• Input data
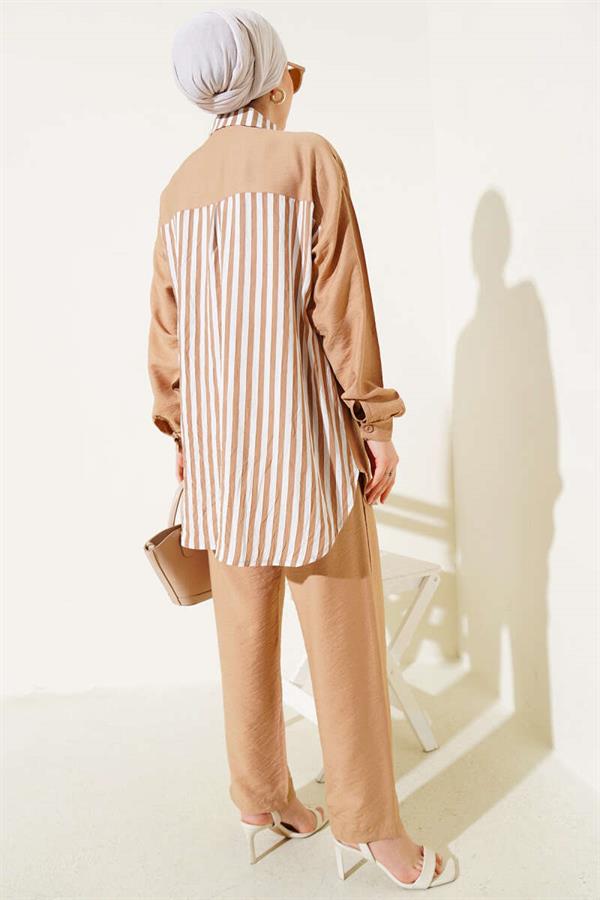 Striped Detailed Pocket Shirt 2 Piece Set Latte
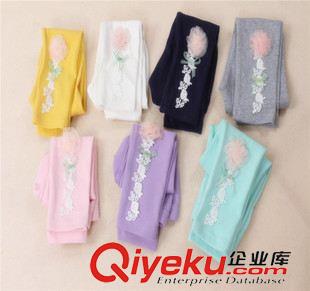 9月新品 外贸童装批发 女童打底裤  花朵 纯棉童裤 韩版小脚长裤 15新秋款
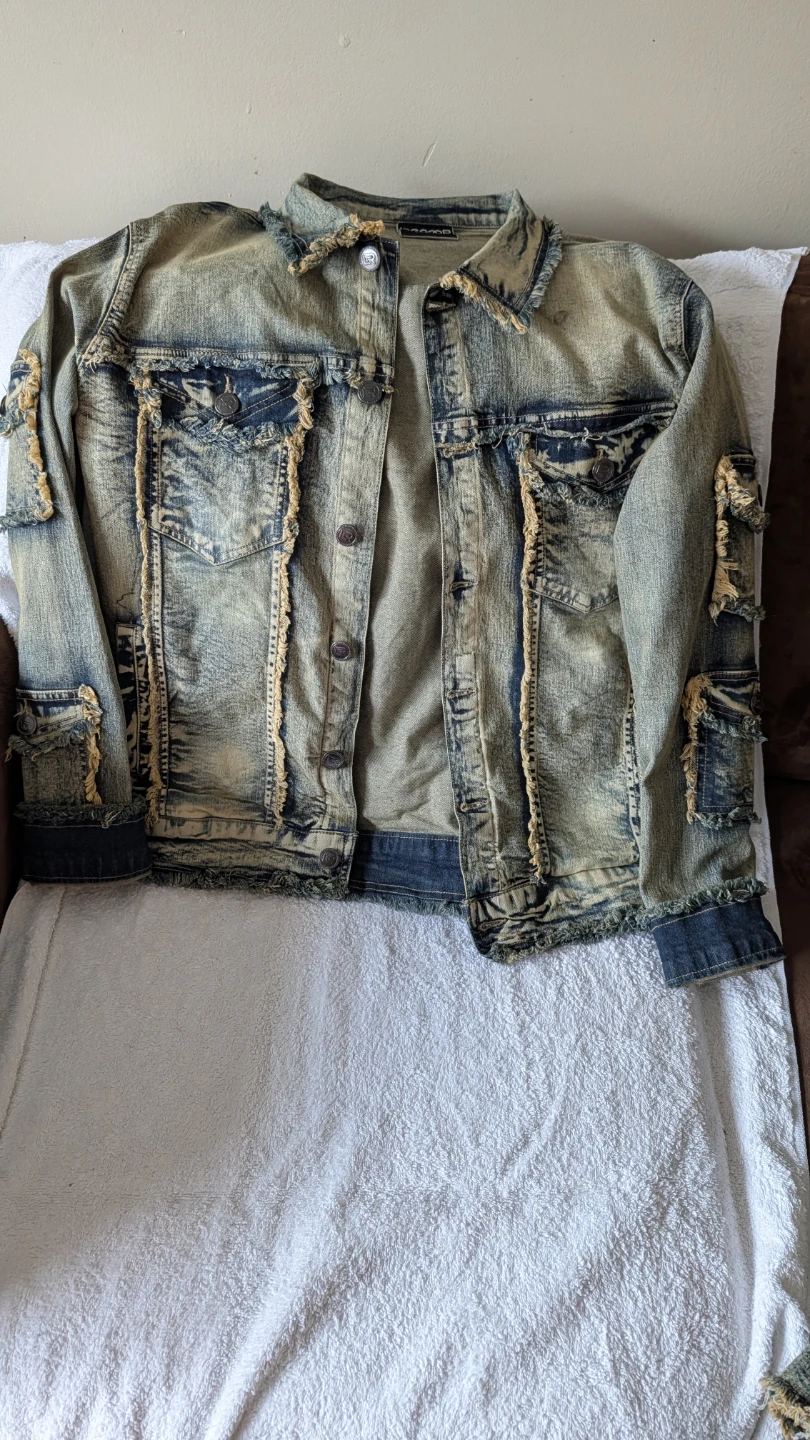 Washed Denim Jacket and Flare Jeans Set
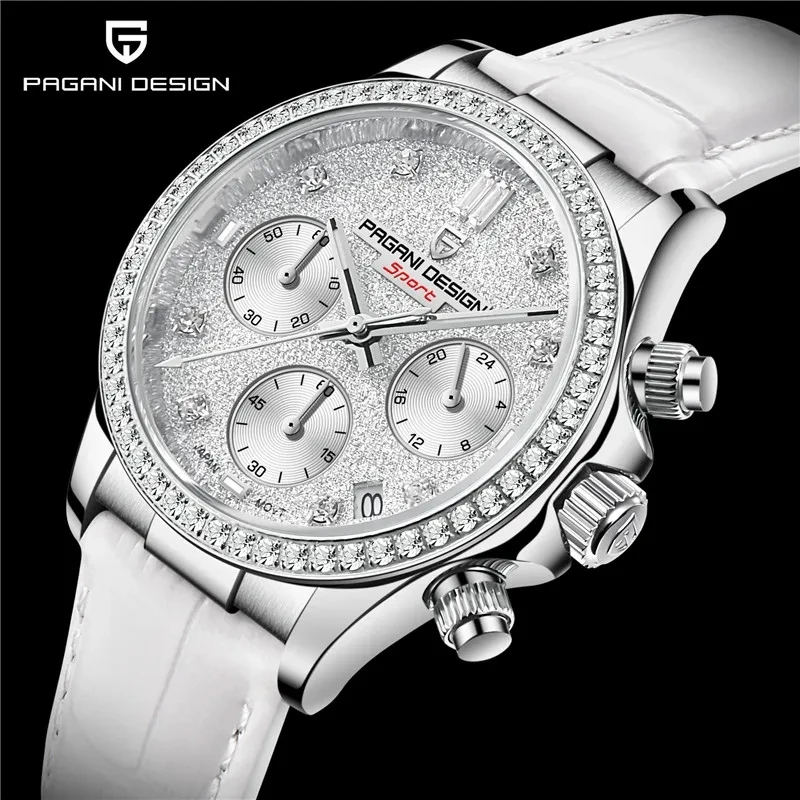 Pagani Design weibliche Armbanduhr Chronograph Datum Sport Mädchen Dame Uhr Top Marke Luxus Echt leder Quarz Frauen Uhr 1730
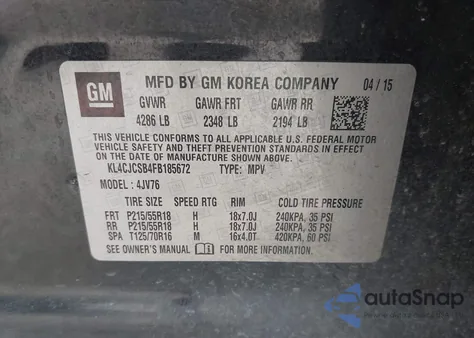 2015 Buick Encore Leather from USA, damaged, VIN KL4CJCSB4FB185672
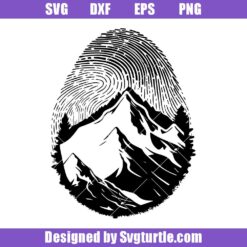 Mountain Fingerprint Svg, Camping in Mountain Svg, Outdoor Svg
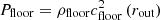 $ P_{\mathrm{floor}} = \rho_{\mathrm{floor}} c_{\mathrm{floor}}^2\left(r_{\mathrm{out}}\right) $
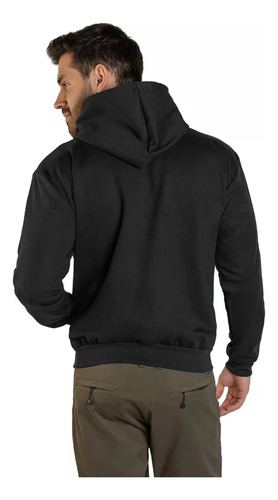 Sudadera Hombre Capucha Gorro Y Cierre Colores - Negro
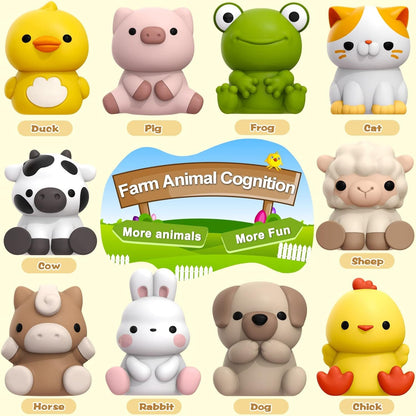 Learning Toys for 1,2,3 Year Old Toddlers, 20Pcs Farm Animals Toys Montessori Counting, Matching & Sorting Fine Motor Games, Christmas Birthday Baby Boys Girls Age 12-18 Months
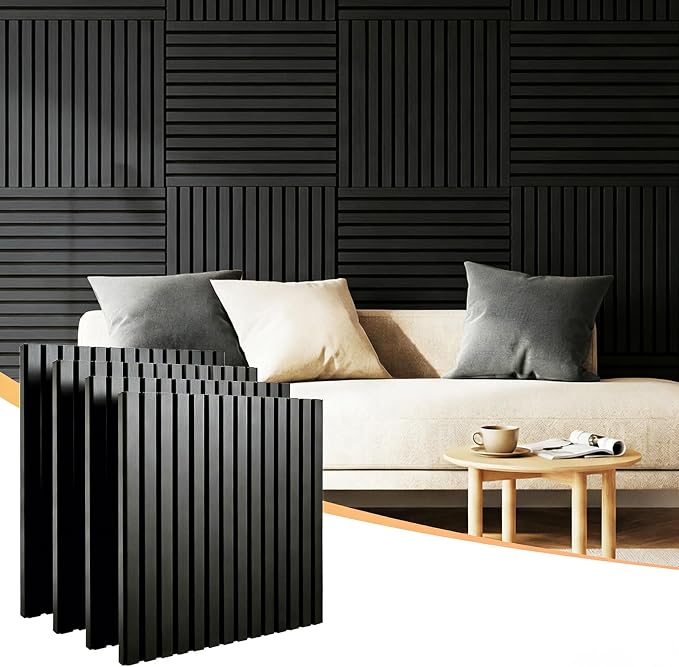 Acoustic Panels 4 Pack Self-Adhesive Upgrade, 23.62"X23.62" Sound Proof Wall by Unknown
--
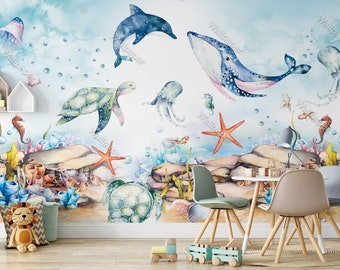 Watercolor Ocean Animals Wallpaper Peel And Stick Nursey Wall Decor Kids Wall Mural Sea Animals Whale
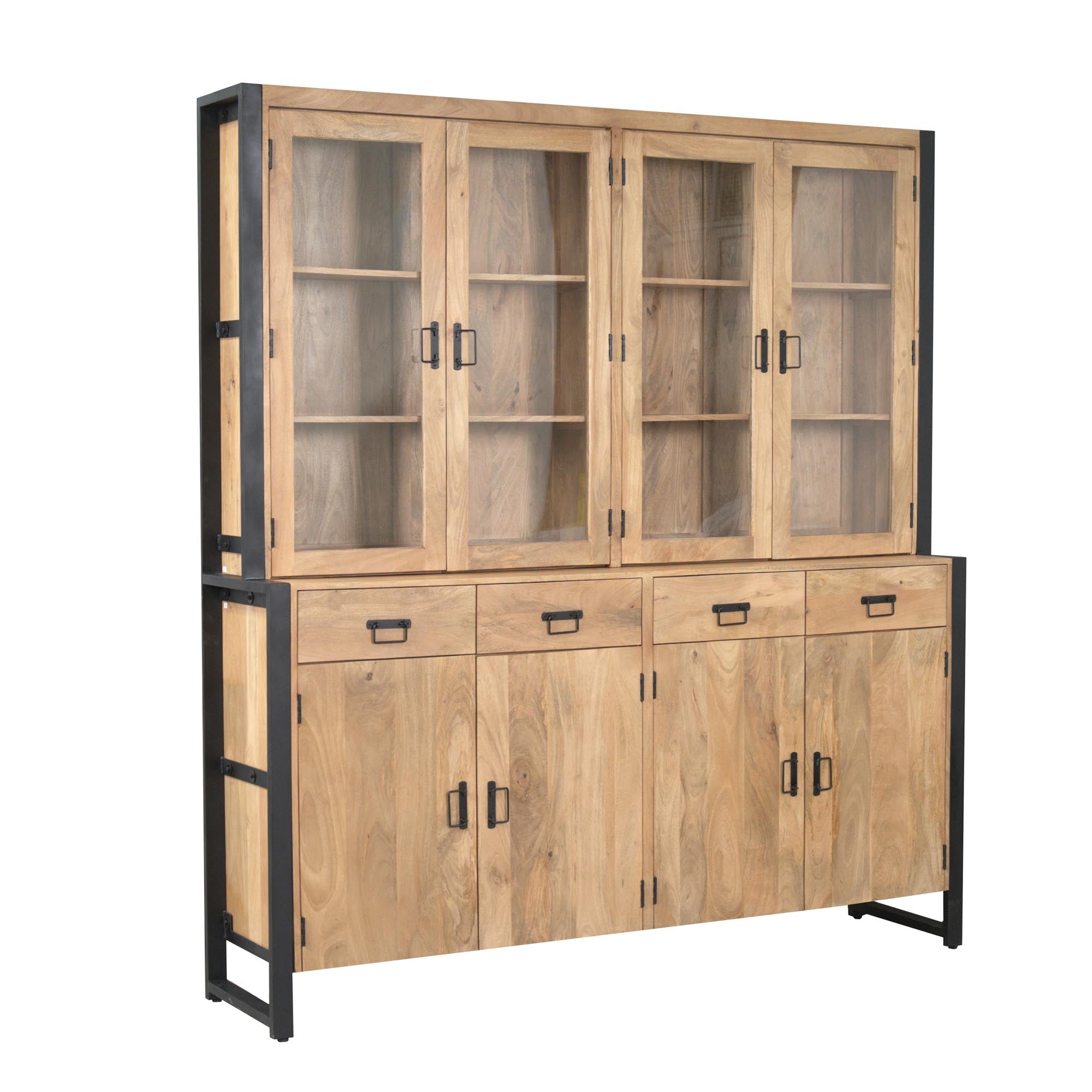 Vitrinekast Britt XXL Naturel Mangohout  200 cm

• Task description
Skipping the pictures, print the lines in the listing above exactly as written, starting at the line with "Mountain Fingerprint Svg, Camping" and ending at the line with "Sudadera Hombre Capucha", both included.

• Solved problem
 Mountain Fingerprint Svg, Camping in Mountain Svg, Outdoor Svg
 $ P_{\mathrm{floor}} = \rho_{\mathrm{floor}} c_{\mathrm{floor}}^2\left(r_{\mathrm{out}}\right) $
 Sudadera Hombre Capucha Gorro Y Cierre Colores - Negro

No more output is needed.